I can’t promote this yet, but we all could head toChina, lickity-split, and return in the body of a monkey, young and healthy!  Reports are that Chinese scientists have cloned a rhesus monkey for the first time. Is cloning’s what we need, minus the monkeys?

Or maybe a million clones who can survive on polluted air and water? No mouths – their precaution against political dissent or the grumblings old age brings on? No voice boxes for complaining, water intake tubes only? Permanent smiles, pleasant dispositions? Maybe better the cloned monkeys – electric-powered, with cordless connectivity. 7G is the newest.

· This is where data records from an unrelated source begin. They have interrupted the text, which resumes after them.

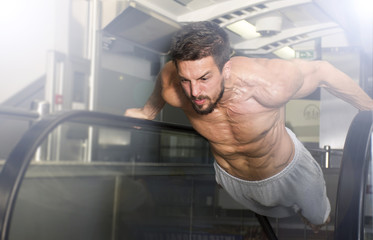 Handsome man with naked torso doing exercise.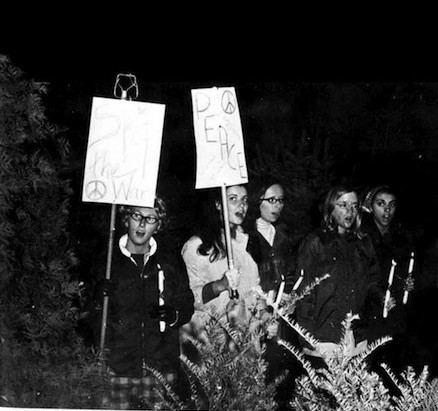 SJC students hold signs saying “Stop the War” and “Peace” during a vigil in the 1969-70 school year.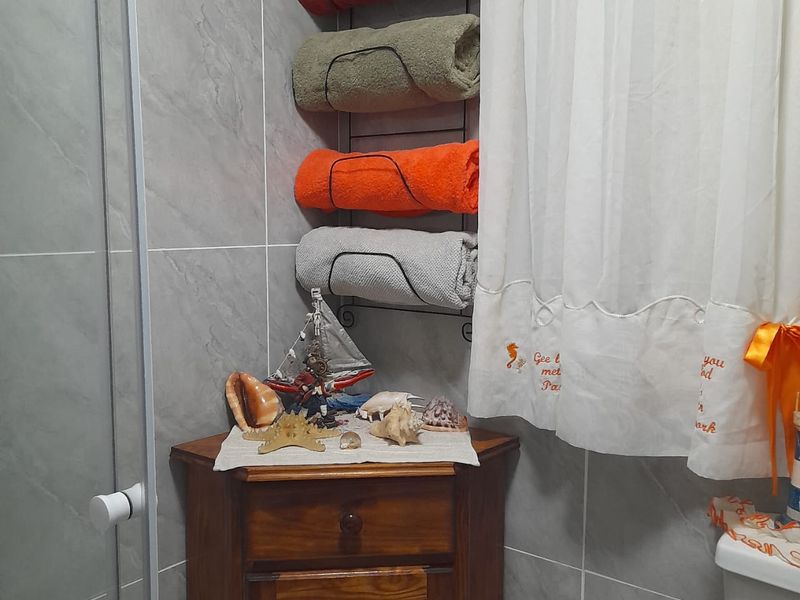 A bathroom corner featuring grey wall tiles, a glass shower screen, and a toilet, accented with a wooden corner cabinet.
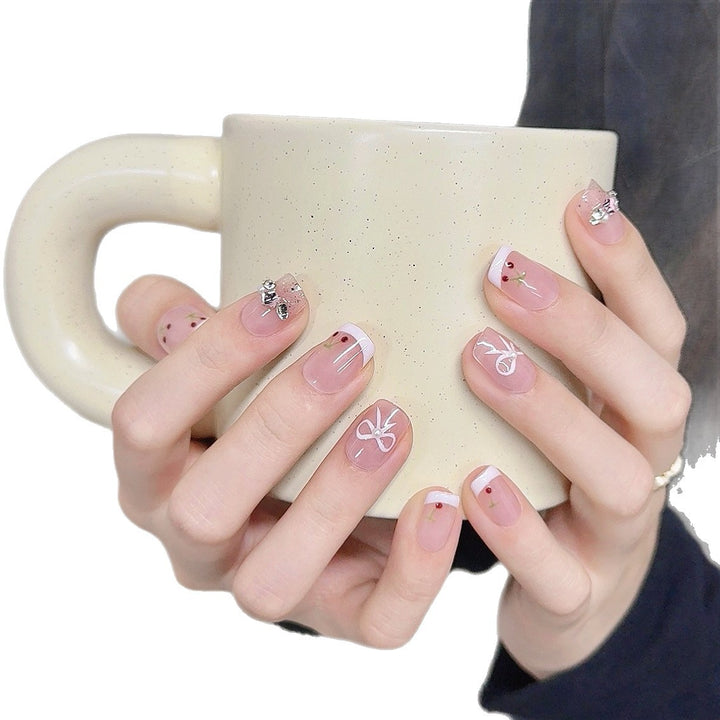 Dekorative Press-On-Nagelkunst mit floralen und Schleifenakzenten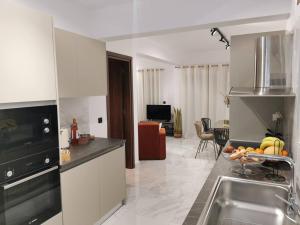 a kitchen with a sink and a table with fruit on it at Luxury Apartment Olea Afandou in Afantou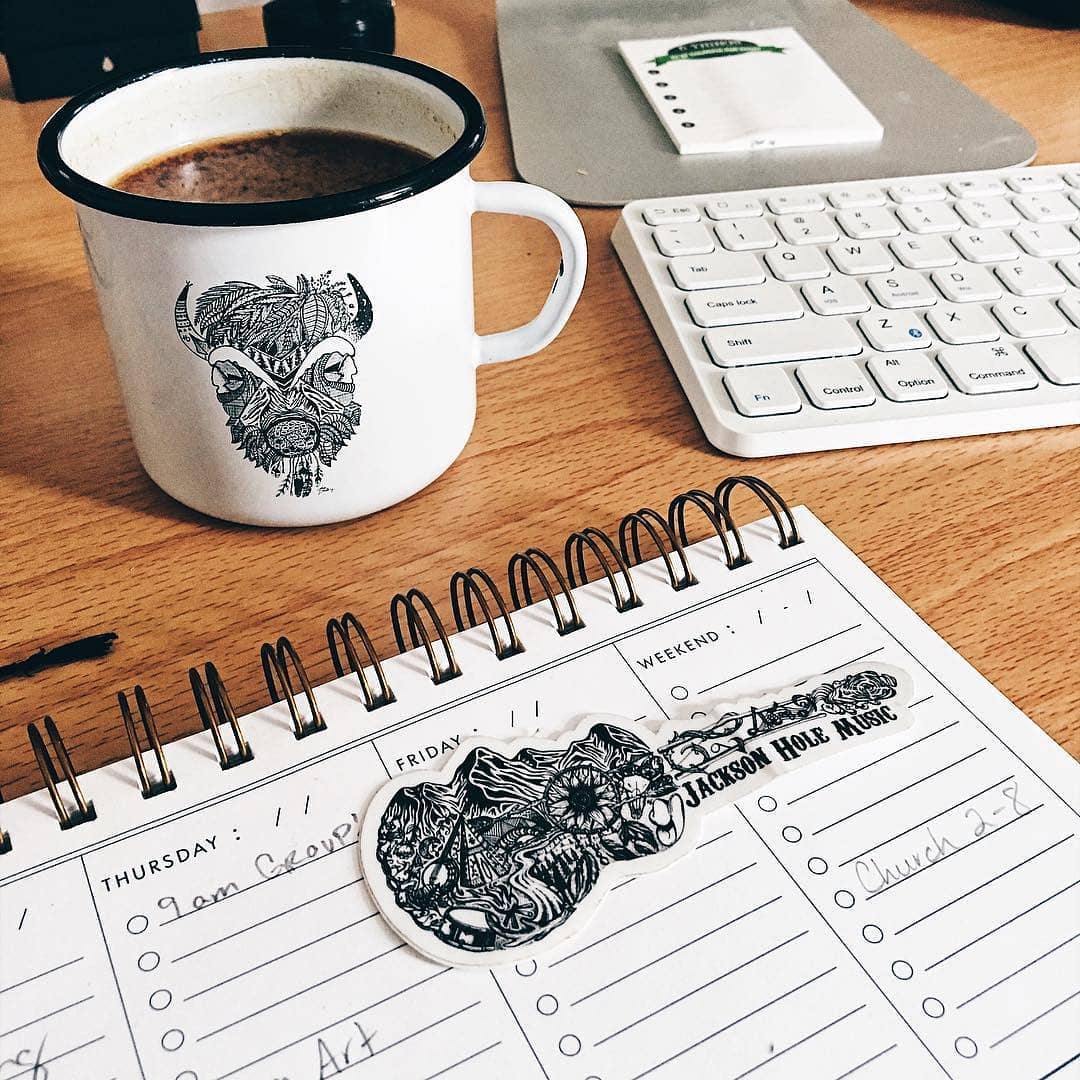 enamel mug with wolf design, keyboard, and planner on a wooden desk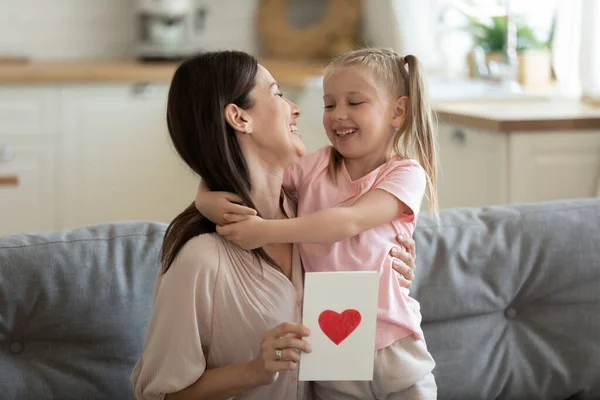 Glückliche Mutter umarmt kleine Tochter und bedankt sich für Geschenk-Postkarte — Stockfoto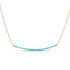 A gold chain necklace with blue turquoise beads horizontally along the chain.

And, if we act quickly, Pontiac could become agents for all of Canada. There’s an idea for Pontiac’s rebirth. Let’s call the MRC! And run one, or all, for political office. Fill Parliament from top to bottom. Would anyone notice? Cloned monkeys don’t have a best-before, like Prime Ministers, so we’re told, and there’d always be a fresh one programmed to say more of the same.

Crazy enough, folks? Unplug them at night, into sleep mode while recharging. All for six easy payments of $29.95 from each of us. Plus shipping, and with Canada Post’s new rules that’d be more than twice their value.

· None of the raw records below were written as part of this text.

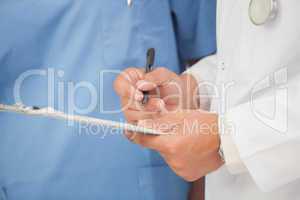 Doctor writing on clipboard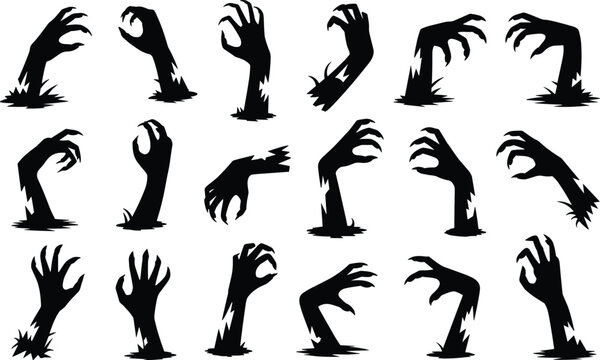 Spooky collection of undead zombie hand silhouettes reaching from the ground in an eerie graveyard for Halloween horror.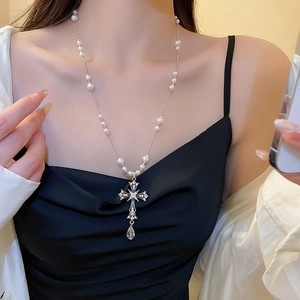 Dettaglio collana di perle vintage con ciondolo a croce di diamanti e gemma a goccia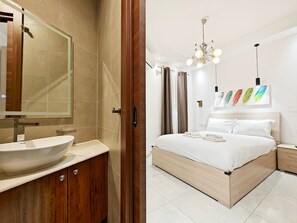 A modern bedroom with a large bed, a bedside table, and a nightstand.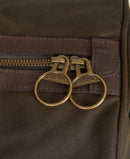 Olive holdall bag close-up with brass double ring hardware and zip detail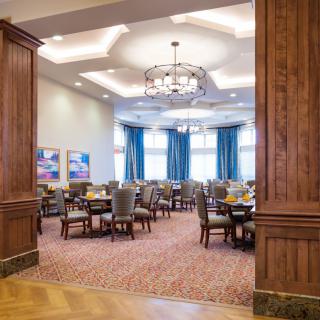 Elegant dining room with neatly arranged tables and chairs, featuring chandeliers and large windows with blue curtains.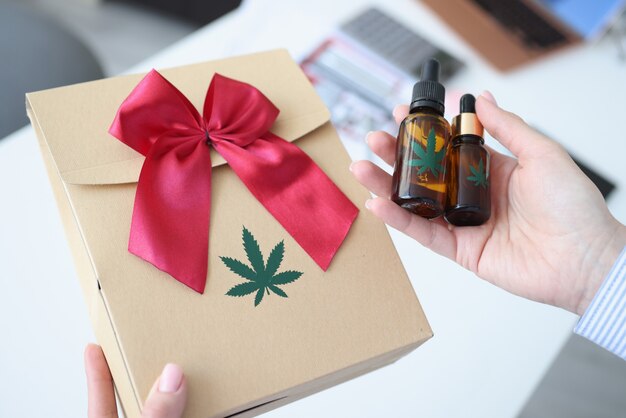 Mani femminili che tengono la carta da regalo con il primo piano di marijuana. Vendita legale del concetto di marijuana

Everything’s eco, sothey’d be compostable, in our new old age! If we ordered three – for the price of one! – we’d cover the elderly’s bases with all parties! But, dear readers, beware of knockoffs. Unless we could order knockoffs wearing designer knockoffs and talking knockoff political bling! A new way to Unite the Right, one always carping about the government, no matter what!

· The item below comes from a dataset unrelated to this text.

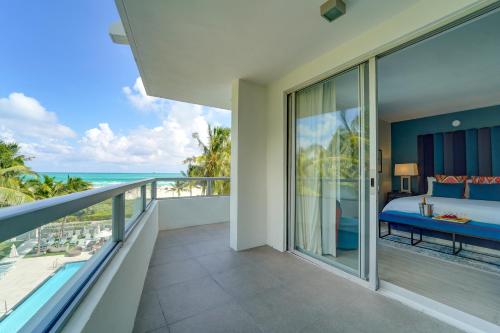 a bedroom with a view of the ocean from a balcony at The Sagamore Hotel South Beach in Miami Beach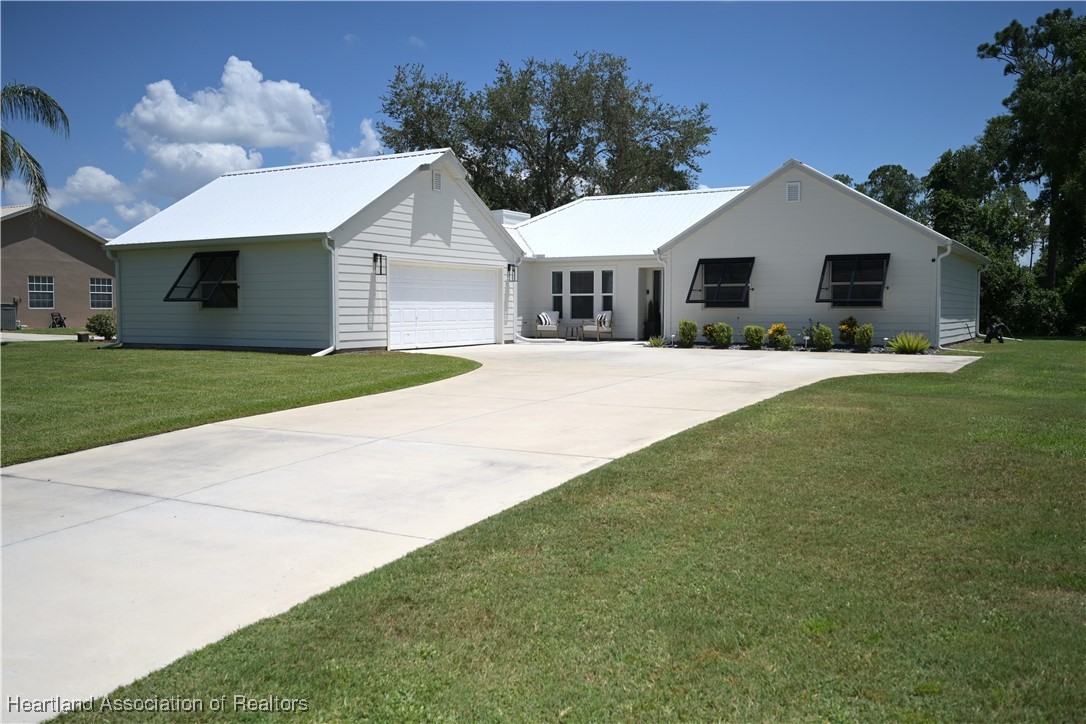 4626 Duffer Loop Sebring, FL 33872 - Photo 1 of 46 Front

Dear readers, that’s enough. We have to keep up our eating; that formula for the aged tastes awful, but we’re never hungry anymore! Should we recommend this for the North – the thought of food would no longer occur! Hang in there, seniors! I am. Only fourteen more radiation treatments to go. Then a few weeks feeling dodgy. We can hope for new teeth – diamond inserts, all on our Canada Pension. They’d flash like the sun when we smile. Is this the way to qualify for a Quebec seniors’ residence, sprinklers optional?